[Opening Provided material section]

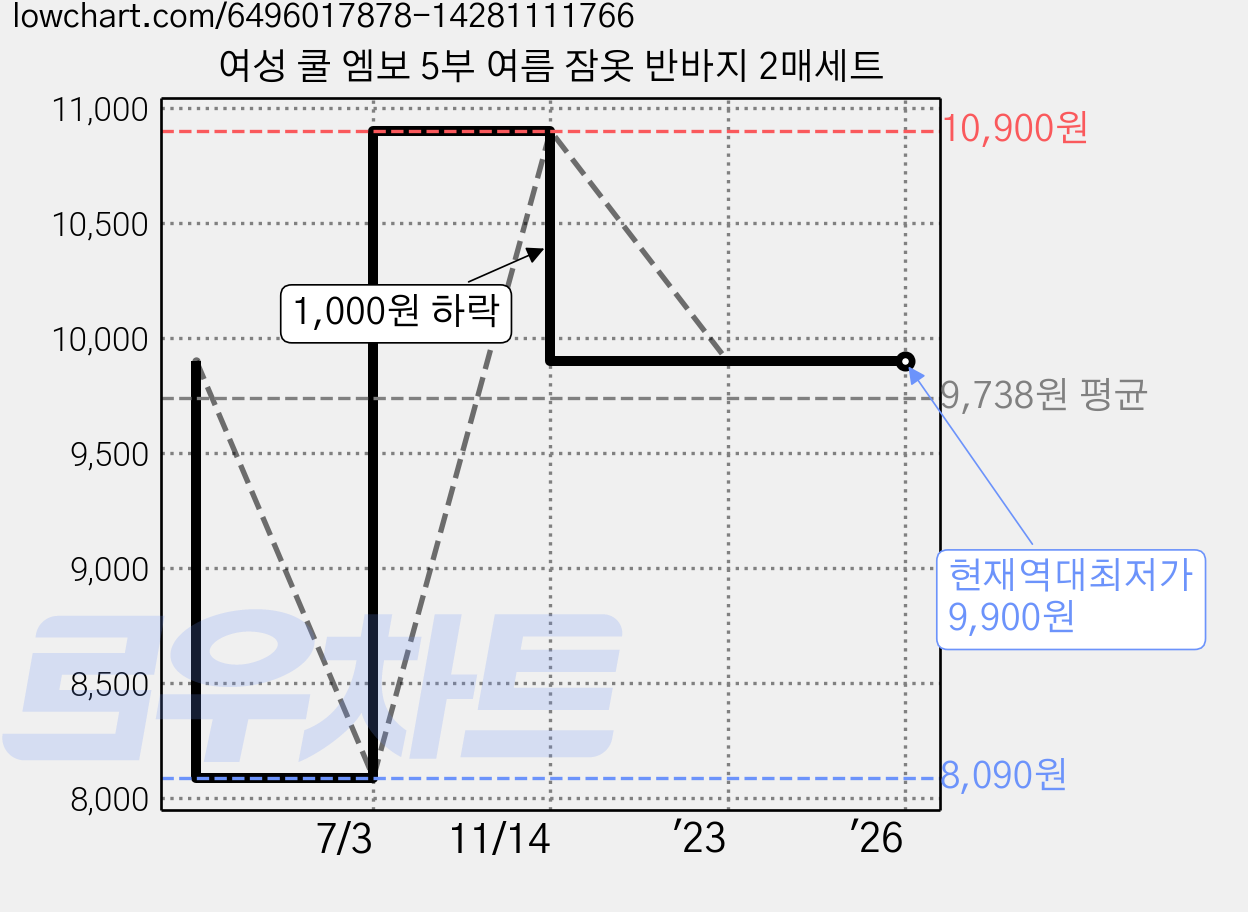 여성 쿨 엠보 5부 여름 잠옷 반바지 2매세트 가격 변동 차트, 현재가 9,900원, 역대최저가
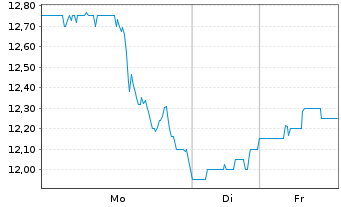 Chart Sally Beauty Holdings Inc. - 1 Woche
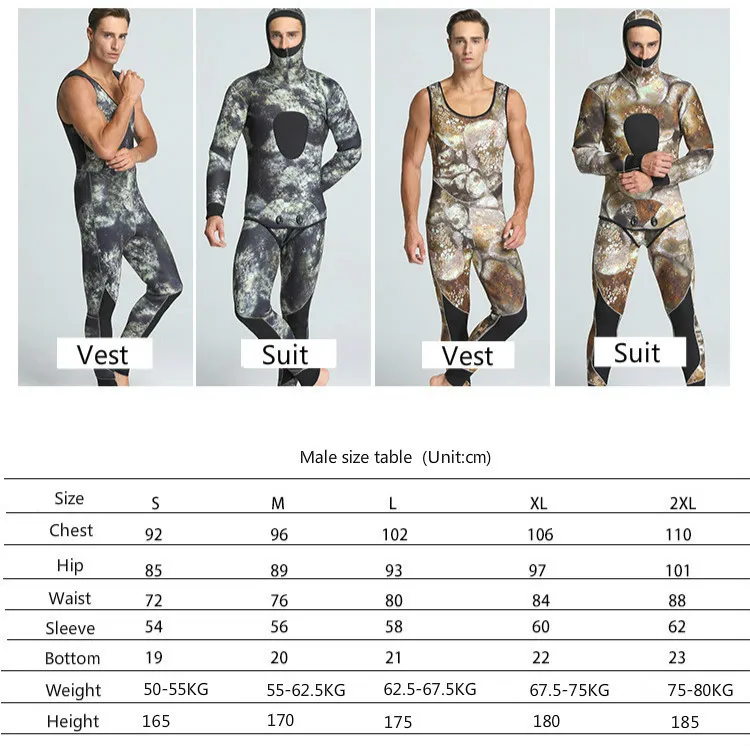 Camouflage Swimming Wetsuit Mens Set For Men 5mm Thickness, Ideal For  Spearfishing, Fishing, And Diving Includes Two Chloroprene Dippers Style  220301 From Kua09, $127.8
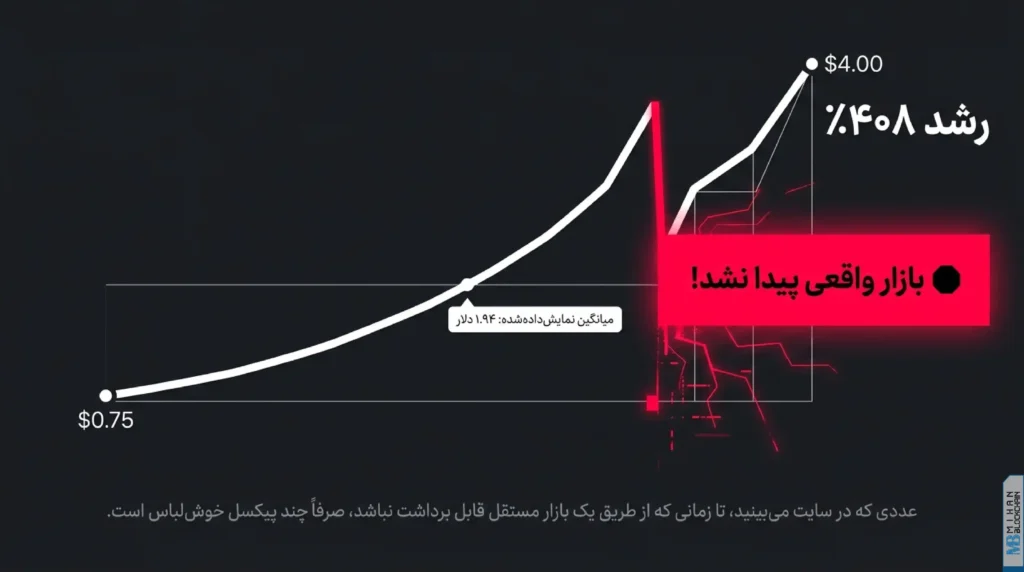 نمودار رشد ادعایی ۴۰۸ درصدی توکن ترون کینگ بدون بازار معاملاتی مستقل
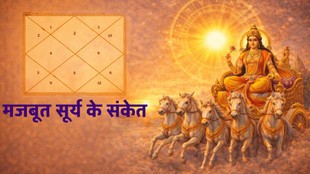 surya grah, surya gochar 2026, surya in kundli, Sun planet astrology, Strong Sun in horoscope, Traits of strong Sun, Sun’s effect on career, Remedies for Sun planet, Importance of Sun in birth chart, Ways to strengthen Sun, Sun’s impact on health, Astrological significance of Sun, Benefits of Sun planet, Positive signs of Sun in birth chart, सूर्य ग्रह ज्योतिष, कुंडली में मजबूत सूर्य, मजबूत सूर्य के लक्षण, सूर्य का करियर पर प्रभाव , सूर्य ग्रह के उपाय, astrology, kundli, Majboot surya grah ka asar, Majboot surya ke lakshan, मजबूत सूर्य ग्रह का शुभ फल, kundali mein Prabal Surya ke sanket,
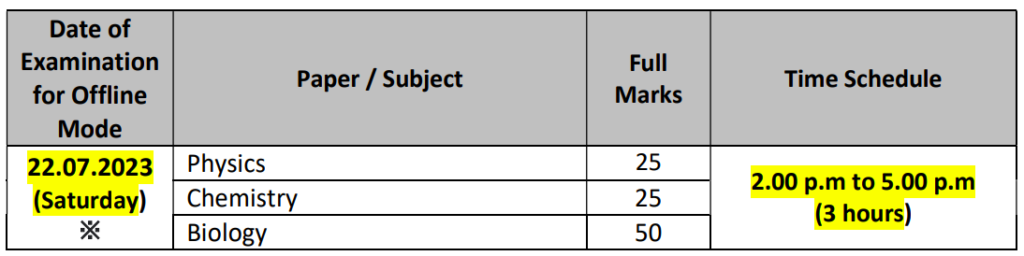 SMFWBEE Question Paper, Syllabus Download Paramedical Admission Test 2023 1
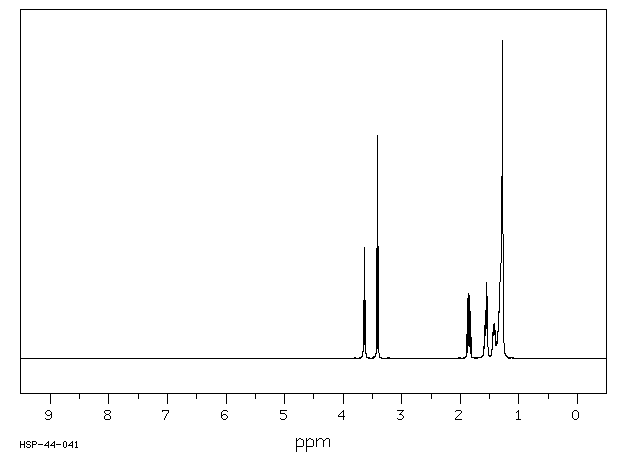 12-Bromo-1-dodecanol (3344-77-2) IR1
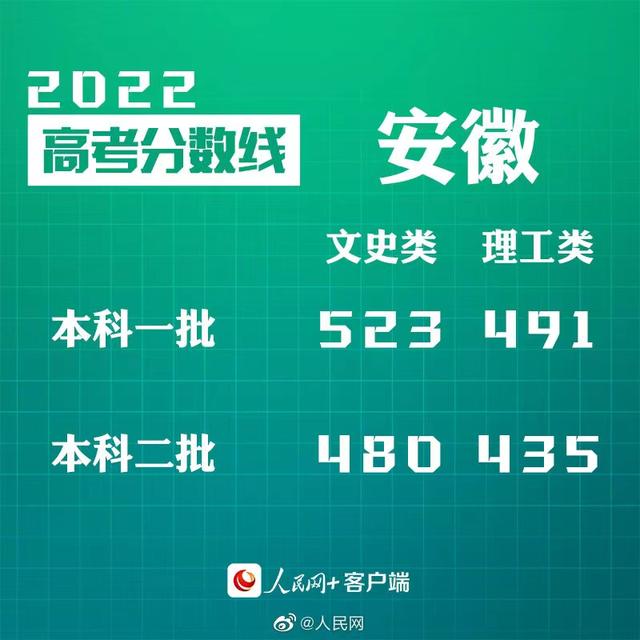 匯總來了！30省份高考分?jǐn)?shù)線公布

[Closing Provided material section]

Copy exactly the lines from the line containing "surya grah, surya" through the last line of the records above, both included, and leave out any pictures.

 surya grah, surya gochar 2026, surya in kundli, Sun planet astrology, Strong Sun in horoscope, Traits of strong Sun, Sun’s effect on career, Remedies for Sun planet, Importance of Sun in birth chart, Ways to strengthen Sun, Sun’s impact on health, Astrological significance of Sun, Benefits of Sun planet, Positive signs of Sun in birth chart, सूर्य ग्रह ज्योतिष, कुंडली में मजबूत सूर्य, मजबूत सूर्य के लक्षण, सूर्य का करियर पर प्रभाव , सूर्य ग्रह के उपाय, astrology, kundli, Majboot surya grah ka asar, Majboot surya ke lakshan, मजबूत सूर्य ग्रह का शुभ फल, kundali mein Prabal Surya ke sanket,
 SMFWBEE Question Paper, Syllabus Download Paramedical Admission Test 2023 1
 12-Bromo-1-dodecanol (3344-77-2) IR1
 匯總來了！30省份高考分?jǐn)?shù)線公布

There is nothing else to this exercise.